> **Your instructions**: Lower down are entries containing pictures. Copy exactly, without those pictures, the lines from the line with "PC HP PRO ONE" through the line with "Chris Keller athlete profile head shot".

> **Data for this exercise**:
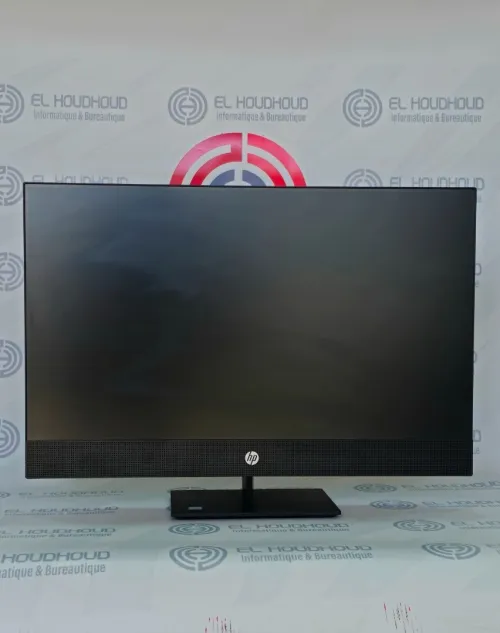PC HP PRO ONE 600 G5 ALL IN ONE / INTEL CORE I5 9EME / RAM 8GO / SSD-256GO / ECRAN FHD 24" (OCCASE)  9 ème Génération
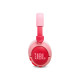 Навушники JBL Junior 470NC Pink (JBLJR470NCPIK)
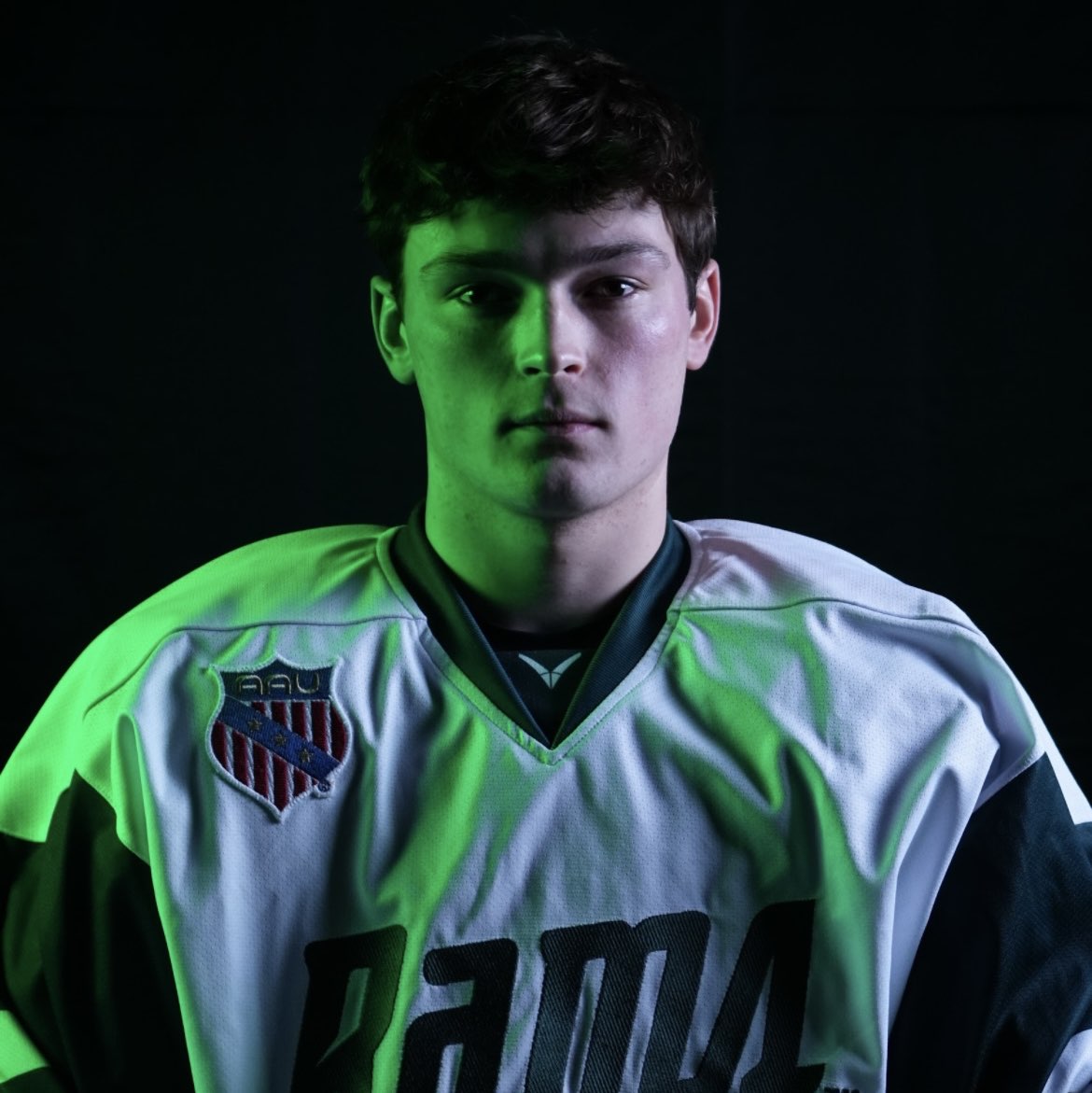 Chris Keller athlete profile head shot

==

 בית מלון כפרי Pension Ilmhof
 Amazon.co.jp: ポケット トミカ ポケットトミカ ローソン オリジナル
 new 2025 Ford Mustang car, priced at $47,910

> **Answer to this problem**:
PC HP PRO ONE 600 G5 ALL IN ONE / INTEL CORE I5 9EME / RAM 8GO / SSD-256GO / ECRAN FHD 24" (OCCASE)  9 ème Génération
 Навушники JBL Junior 470NC Pink (JBLJR470NCPIK)
 Chris Keller athlete profile head shot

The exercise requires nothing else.